---------- Recorded data ----------

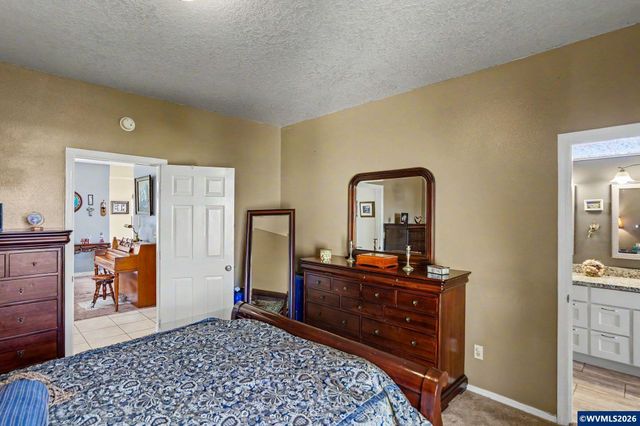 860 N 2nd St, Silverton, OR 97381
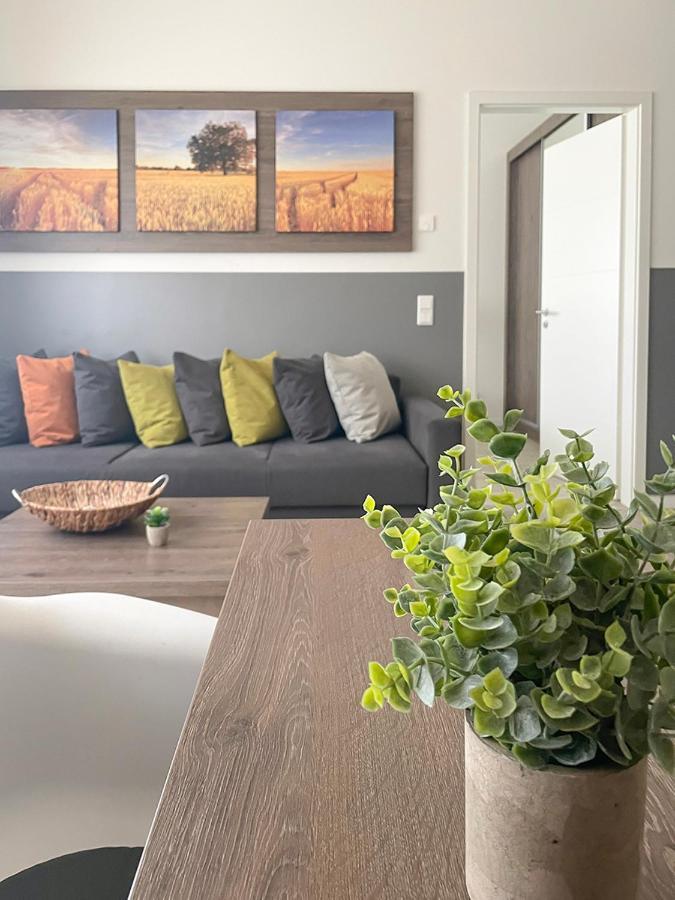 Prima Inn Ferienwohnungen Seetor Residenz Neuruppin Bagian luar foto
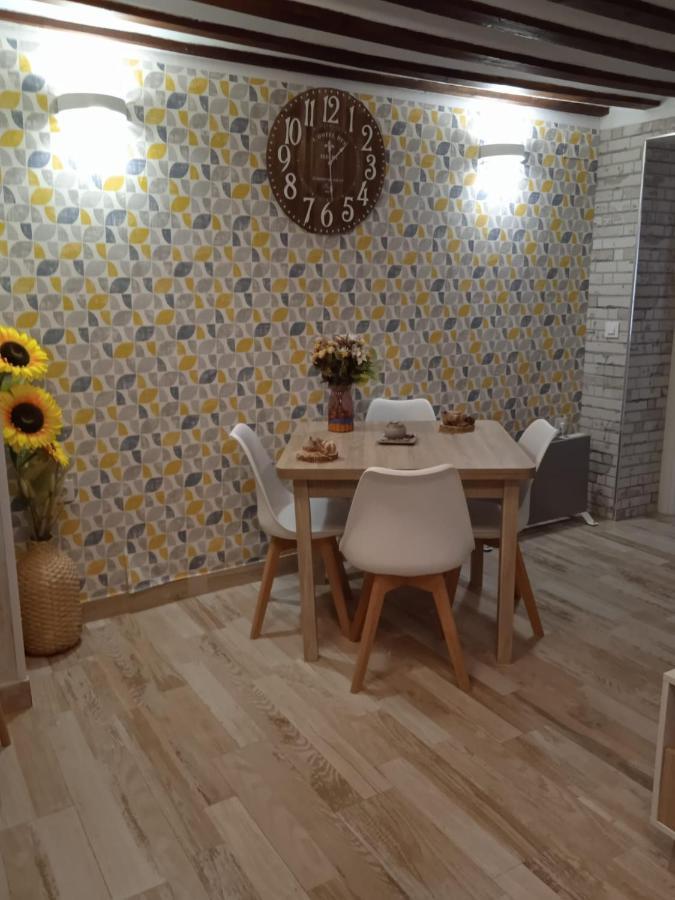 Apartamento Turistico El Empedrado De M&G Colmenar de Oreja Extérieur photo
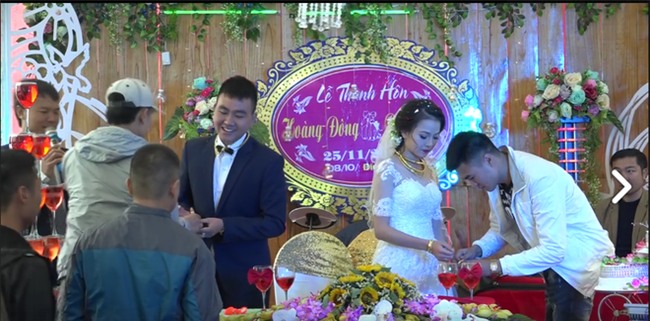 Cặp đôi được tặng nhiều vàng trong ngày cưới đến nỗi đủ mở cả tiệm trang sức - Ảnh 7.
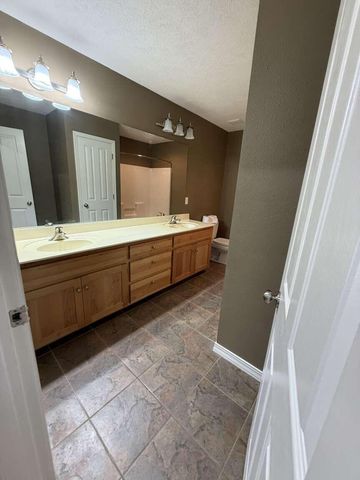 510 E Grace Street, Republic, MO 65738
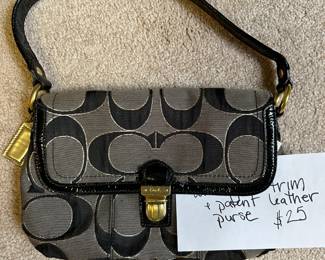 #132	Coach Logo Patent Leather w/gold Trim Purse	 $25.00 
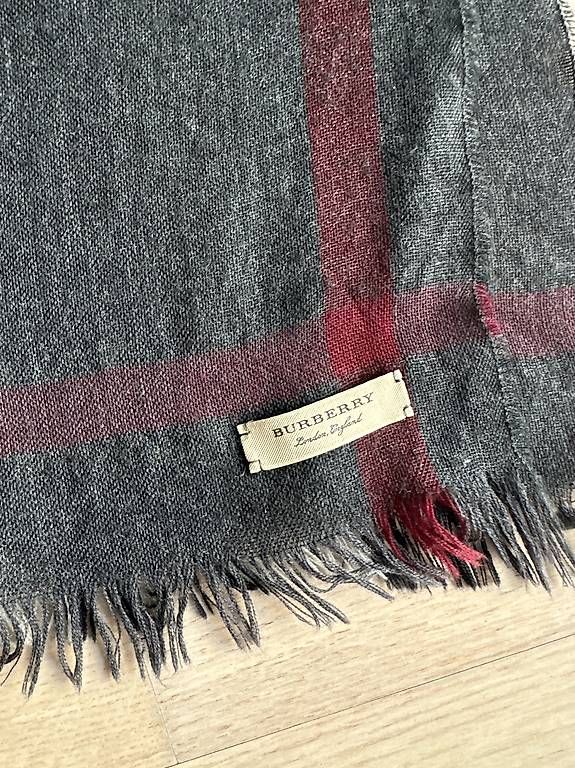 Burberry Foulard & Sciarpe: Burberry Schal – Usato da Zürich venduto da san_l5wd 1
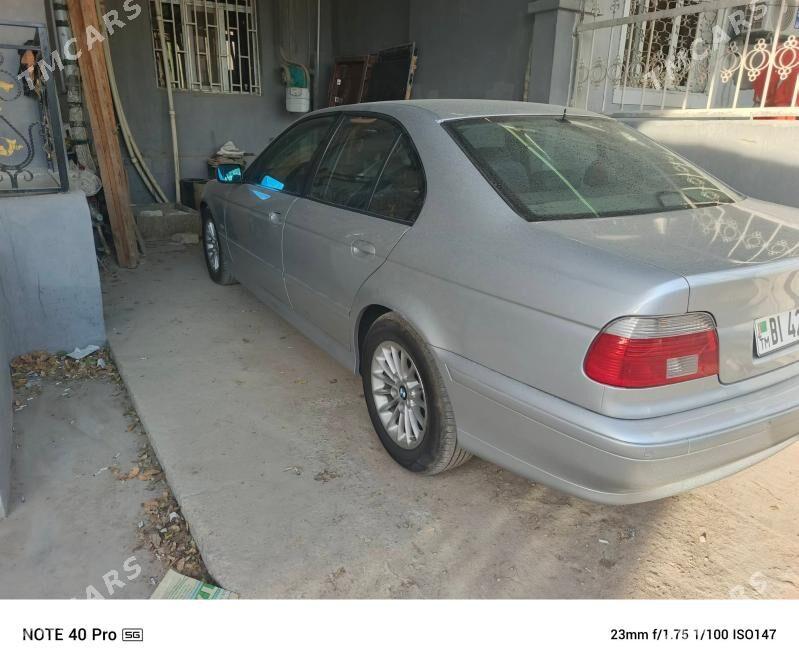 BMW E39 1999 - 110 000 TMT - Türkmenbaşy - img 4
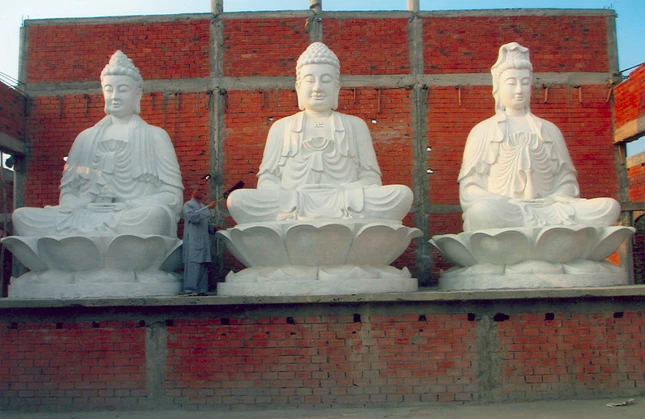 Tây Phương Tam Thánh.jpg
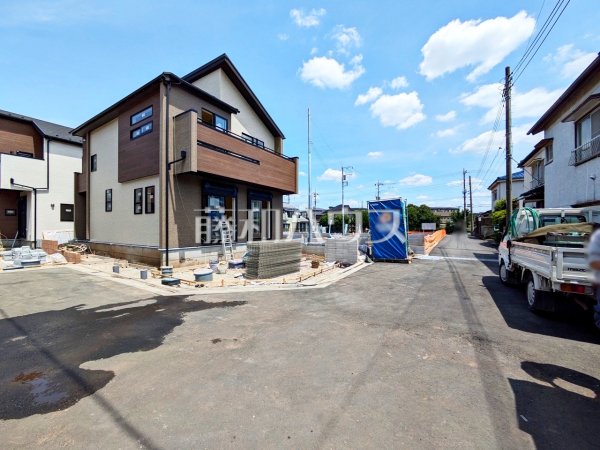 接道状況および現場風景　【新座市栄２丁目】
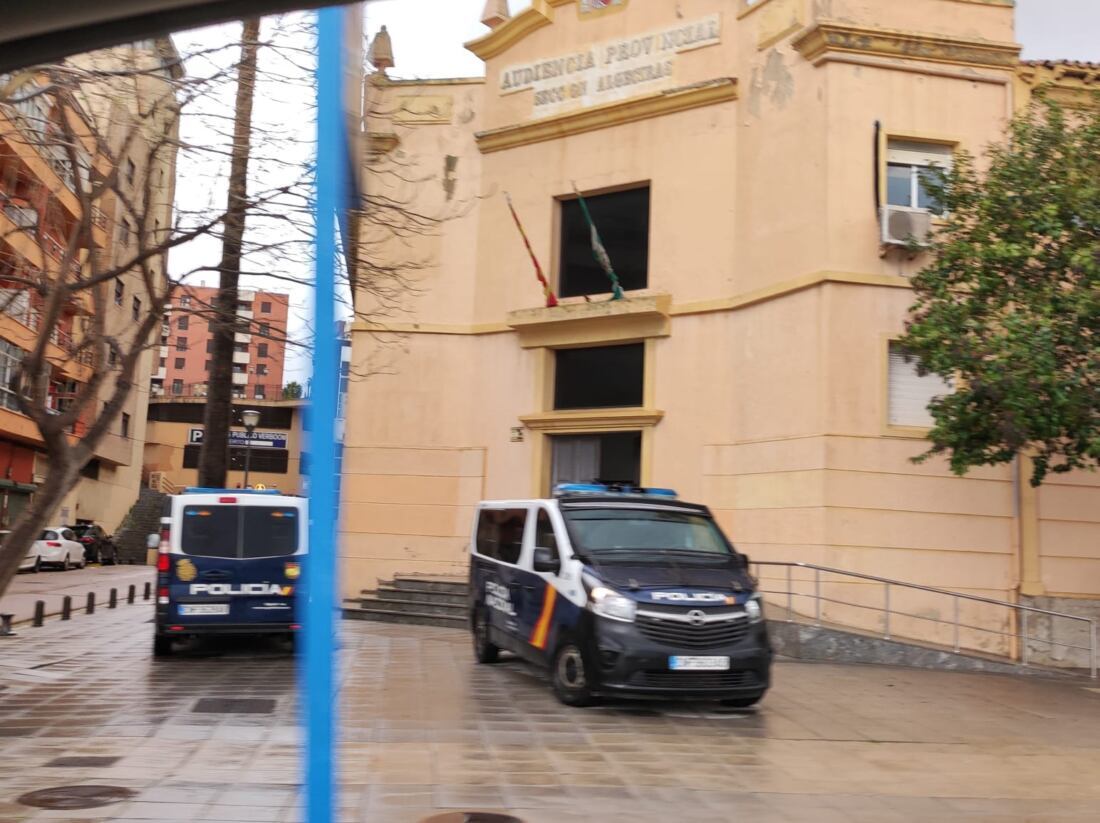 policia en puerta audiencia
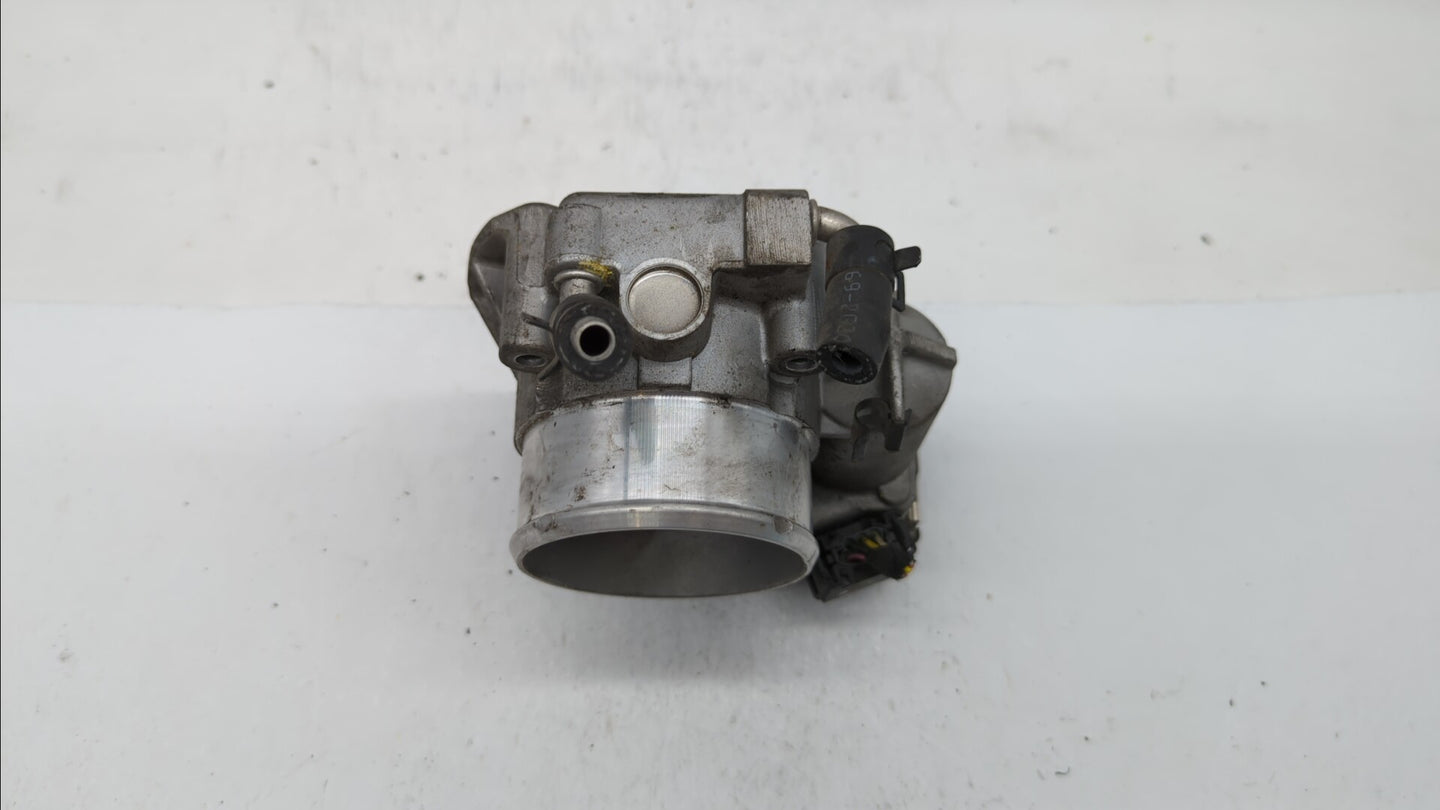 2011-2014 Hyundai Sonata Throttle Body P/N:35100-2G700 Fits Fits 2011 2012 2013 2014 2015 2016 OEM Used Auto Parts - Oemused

----------

From the opening line of the entries, copy each line exactly until the line with "Cặp đôi được", which is copied as well; leave out pictures.

### Reply
 860 N 2nd St, Silverton, OR 97381
 Prima Inn Ferienwohnungen Seetor Residenz Neuruppin Bagian luar foto
 Apartamento Turistico El Empedrado De M&G Colmenar de Oreja Extérieur photo
 Cặp đôi được tặng nhiều vàng trong ngày cưới đến nỗi đủ mở cả tiệm trang sức - Ảnh 7.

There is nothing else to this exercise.